As an African American Jew, you get used to the incredulous looks asking “how-can-you-be-Jewish?” Even at 16, I knew to pre-empt it with “My mother’s Jewish,” which is the most universally accepted standard on the who-is-a-Jew issue.
When it sank in, Manny asked, “Why are you working?” I pointed to Jose, who was sulking in his office.
“Oh,” Manny said. This was a problem: The congregation needed the tickets collected, but they couldn’t ask another Jew, subject to the same restrictions they were, to collect them. Manny caucused with a few congregation leaders. One of the group went off a little ways and came back.
“OK,” he said. “I just talked to God. He says you can tear the tickets.”

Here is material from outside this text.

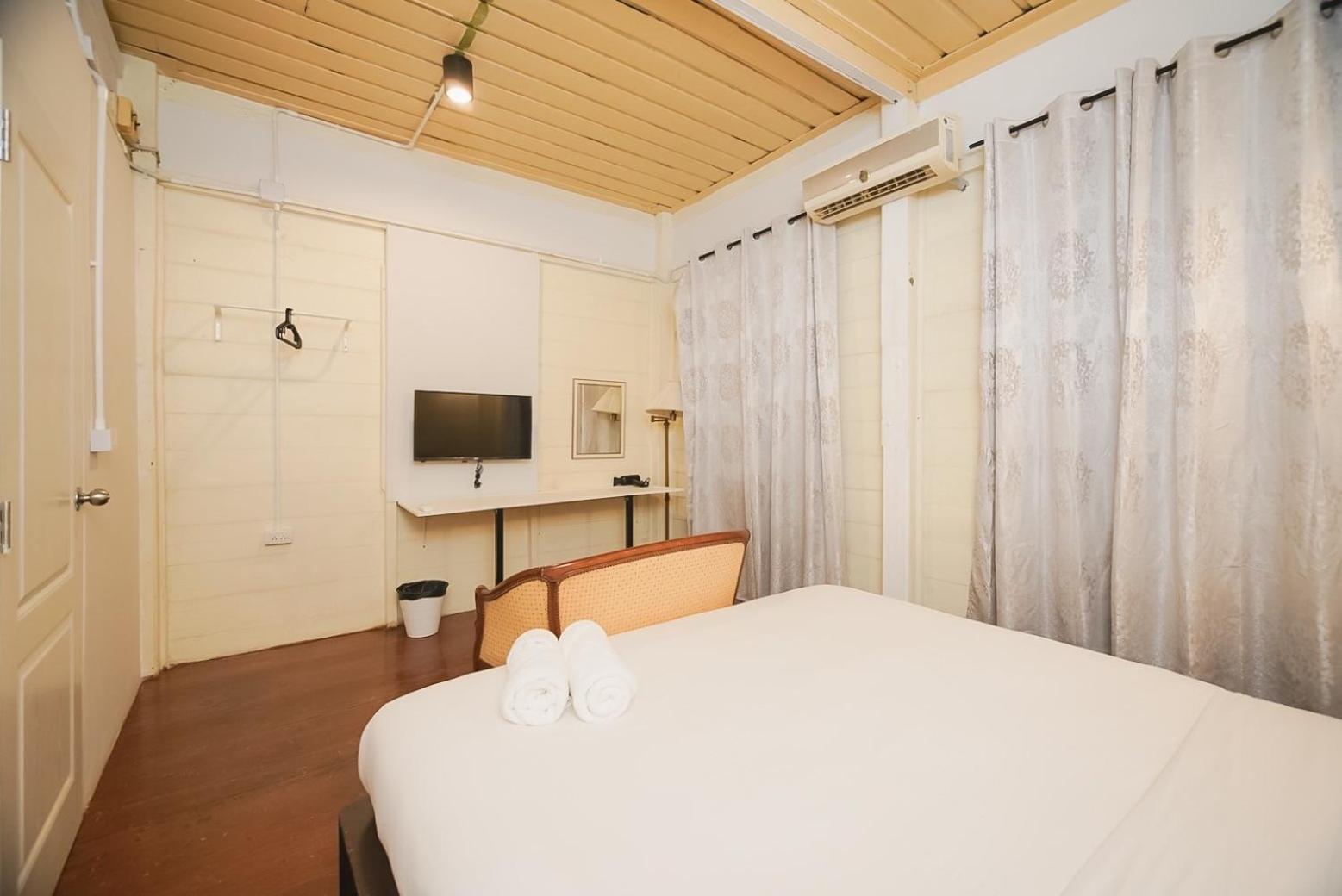 Mitr Inn Yaowarat Bangkok Extérieur photo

The others didn’t agree and with the congregants arriving, we all took turns taking, and tearing, tickets. It wasn’t ideal but at least we were sinning together.
Finally, Manny went over to Jose and pleaded with him to call in someone else. Jose complied and 15 minutes later Siddiqi arrived.
I was invited to join the services and called my mother to join me. By Yom Kippur the next week, I was practically one of the gang—of 50 year old Jewish men! I remember Manny greeting me—for services this time, not work—smiling with his tongue hanging out, like Einstein.
The service was moving but long. I know I dozed. As we walked out, the bemusing transition from usher to Jew-distraught-over-ritual to fasting and atonement of Yom Kippur seemed a significant journey—until I noticed the newspaper box on the street. The headline blared of war between Israel and her neighbors.
Our ticket dilemma didn’t seem very important any more.
ROBIN WASHINGTON is the supervising editor of the Lake County News-Chronicle
Editor’s Note: I asked Robin if he had time to write a column about Yom Kippur for the News-Chronicle this week. I am so interested in how people celebrate and find meaning in spiritual things and I thought you might be, too.
It’s probably a good thing he agreed. When he told me he would be out of the office to observe Yom Kippur, I said, “Enjoy your holiday!” Yeah, I said it. I told him to 'enjoy' his day of fasting and atonement. *face meet palm* Clearly, I needed to brush up on my understanding of Jewish holidays. He razzed me good naturedly, but sent this column a little while later. Thanks, Robin.